*What you should do*
Output all records exactly.
-------- Data excerpts --------
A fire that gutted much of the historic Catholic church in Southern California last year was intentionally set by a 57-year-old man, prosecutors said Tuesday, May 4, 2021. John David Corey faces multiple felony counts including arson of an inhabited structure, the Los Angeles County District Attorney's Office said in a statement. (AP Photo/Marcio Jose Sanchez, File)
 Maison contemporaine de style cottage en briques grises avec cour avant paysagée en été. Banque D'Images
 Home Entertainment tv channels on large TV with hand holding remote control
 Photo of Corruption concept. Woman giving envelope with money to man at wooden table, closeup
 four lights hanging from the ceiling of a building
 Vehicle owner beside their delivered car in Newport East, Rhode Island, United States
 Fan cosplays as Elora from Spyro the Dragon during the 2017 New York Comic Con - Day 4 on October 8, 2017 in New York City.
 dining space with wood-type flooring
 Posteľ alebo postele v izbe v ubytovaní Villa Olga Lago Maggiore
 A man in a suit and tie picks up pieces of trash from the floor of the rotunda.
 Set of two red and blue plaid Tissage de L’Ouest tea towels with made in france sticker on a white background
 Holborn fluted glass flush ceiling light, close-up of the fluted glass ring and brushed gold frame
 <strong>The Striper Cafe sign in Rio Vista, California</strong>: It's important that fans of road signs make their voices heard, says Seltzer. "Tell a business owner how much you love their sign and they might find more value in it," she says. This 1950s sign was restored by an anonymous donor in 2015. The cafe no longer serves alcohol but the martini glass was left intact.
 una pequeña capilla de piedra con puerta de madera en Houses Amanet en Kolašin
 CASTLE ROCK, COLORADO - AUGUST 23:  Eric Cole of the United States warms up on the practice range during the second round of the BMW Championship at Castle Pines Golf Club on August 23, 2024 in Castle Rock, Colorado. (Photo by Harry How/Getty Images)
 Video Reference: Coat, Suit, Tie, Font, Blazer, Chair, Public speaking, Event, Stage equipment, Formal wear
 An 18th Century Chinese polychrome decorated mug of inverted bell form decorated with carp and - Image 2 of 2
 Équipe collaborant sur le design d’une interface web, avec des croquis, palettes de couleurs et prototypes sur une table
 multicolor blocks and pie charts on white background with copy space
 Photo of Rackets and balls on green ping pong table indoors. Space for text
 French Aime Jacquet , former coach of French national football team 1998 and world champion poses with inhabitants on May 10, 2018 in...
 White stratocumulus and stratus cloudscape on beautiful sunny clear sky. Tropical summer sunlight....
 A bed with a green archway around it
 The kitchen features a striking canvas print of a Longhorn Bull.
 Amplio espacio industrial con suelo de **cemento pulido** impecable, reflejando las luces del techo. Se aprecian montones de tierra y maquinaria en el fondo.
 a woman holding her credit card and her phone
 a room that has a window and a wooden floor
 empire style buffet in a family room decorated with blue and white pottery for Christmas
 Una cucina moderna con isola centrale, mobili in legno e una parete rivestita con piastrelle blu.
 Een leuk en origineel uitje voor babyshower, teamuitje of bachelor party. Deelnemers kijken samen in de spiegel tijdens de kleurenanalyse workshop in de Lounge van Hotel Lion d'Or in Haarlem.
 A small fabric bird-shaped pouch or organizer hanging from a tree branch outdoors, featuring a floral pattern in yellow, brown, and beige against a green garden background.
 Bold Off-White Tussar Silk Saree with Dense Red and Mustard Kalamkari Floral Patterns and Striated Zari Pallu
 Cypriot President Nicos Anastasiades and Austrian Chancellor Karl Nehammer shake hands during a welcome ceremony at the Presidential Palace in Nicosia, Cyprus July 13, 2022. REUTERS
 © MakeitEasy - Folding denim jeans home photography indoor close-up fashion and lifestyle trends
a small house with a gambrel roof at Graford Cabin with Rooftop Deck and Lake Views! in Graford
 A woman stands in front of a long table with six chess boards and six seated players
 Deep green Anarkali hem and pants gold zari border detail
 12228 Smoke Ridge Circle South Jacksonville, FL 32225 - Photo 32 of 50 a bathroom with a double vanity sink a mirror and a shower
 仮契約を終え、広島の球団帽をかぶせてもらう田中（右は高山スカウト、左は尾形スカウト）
--------
*Answer to this problem*
A fire that gutted much of the historic Catholic church in Southern California last year was intentionally set by a 57-year-old man, prosecutors said Tuesday, May 4, 2021. John David Corey faces multiple felony counts including arson of an inhabited structure, the Los Angeles County District Attorney's Office said in a statement. (AP Photo/Marcio Jose Sanchez, File)
 Maison contemporaine de style cottage en briques grises avec cour avant paysagée en été. Banque D'Images
 Home Entertainment tv channels on large TV with hand holding remote control
 Photo of Corruption concept. Woman giving envelope with money to man at wooden table, closeup
 four lights hanging from the ceiling of a building
 Vehicle owner beside their delivered car in Newport East, Rhode Island, United States
 Fan cosplays as Elora from Spyro the Dragon during the 2017 New York Comic Con - Day 4 on October 8, 2017 in New York City.
 dining space with wood-type flooring
 Posteľ alebo postele v izbe v ubytovaní Villa Olga Lago Maggiore
 A man in a suit and tie picks up pieces of trash from the floor of the rotunda.
 Set of two red and blue plaid Tissage de L’Ouest tea towels with made in france sticker on a white background
 Holborn fluted glass flush ceiling light, close-up of the fluted glass ring and brushed gold frame
 <strong>The Striper Cafe sign in Rio Vista, California</strong>: It's important that fans of road signs make their voices heard, says Seltzer. "Tell a business owner how much you love their sign and they might find more value in it," she says. This 1950s sign was restored by an anonymous donor in 2015. The cafe no longer serves alcohol but the martini glass was left intact.
 una pequeña capilla de piedra con puerta de madera en Houses Amanet en Kolašin
 CASTLE ROCK, COLORADO - AUGUST 23:  Eric Cole of the United States warms up on the practice range during the second round of the BMW Championship at Castle Pines Golf Club on August 23, 2024 in Castle Rock, Colorado. (Photo by Harry How/Getty Images)
 Video Reference: Coat, Suit, Tie, Font, Blazer, Chair, Public speaking, Event, Stage equipment, Formal wear
 An 18th Century Chinese polychrome decorated mug of inverted bell form decorated with carp and - Image 2 of 2
 Équipe collaborant sur le design d’une interface web, avec des croquis, palettes de couleurs et prototypes sur une table
 multicolor blocks and pie charts on white background with copy space
 Photo of Rackets and balls on green ping pong table indoors. Space for text
 French Aime Jacquet , former coach of French national football team 1998 and world champion poses with inhabitants on May 10, 2018 in...
 White stratocumulus and stratus cloudscape on beautiful sunny clear sky. Tropical summer sunlight....
 A bed with a green archway around it
 The kitchen features a striking canvas print of a Longhorn Bull.
 Amplio espacio industrial con suelo de **cemento pulido** impecable, reflejando las luces del techo. Se aprecian montones de tierra y maquinaria en el fondo.
 a woman holding her credit card and her phone
 a room that has a window and a wooden floor
 empire style buffet in a family room decorated with blue and white pottery for Christmas
 Una cucina moderna con isola centrale, mobili in legno e una parete rivestita con piastrelle blu.
 Een leuk en origineel uitje voor babyshower, teamuitje of bachelor party. Deelnemers kijken samen in de spiegel tijdens de kleurenanalyse workshop in de Lounge van Hotel Lion d'Or in Haarlem.
 A small fabric bird-shaped pouch or organizer hanging from a tree branch outdoors, featuring a floral pattern in yellow, brown, and beige against a green garden background.
 Bold Off-White Tussar Silk Saree with Dense Red and Mustard Kalamkari Floral Patterns and Striated Zari Pallu
 Cypriot President Nicos Anastasiades and Austrian Chancellor Karl Nehammer shake hands during a welcome ceremony at the Presidential Palace in Nicosia, Cyprus July 13, 2022. REUTERS
 © MakeitEasy - Folding denim jeans home photography indoor close-up fashion and lifestyle trends
a small house with a gambrel roof at Graford Cabin with Rooftop Deck and Lake Views! in Graford
 A woman stands in front of a long table with six chess boards and six seated players
 Deep green Anarkali hem and pants gold zari border detail
 12228 Smoke Ridge Circle South Jacksonville, FL 32225 - Photo 32 of 50 a bathroom with a double vanity sink a mirror and a shower
 仮契約を終え、広島の球団帽をかぶせてもらう田中（右は高山スカウト、左は尾形スカウト）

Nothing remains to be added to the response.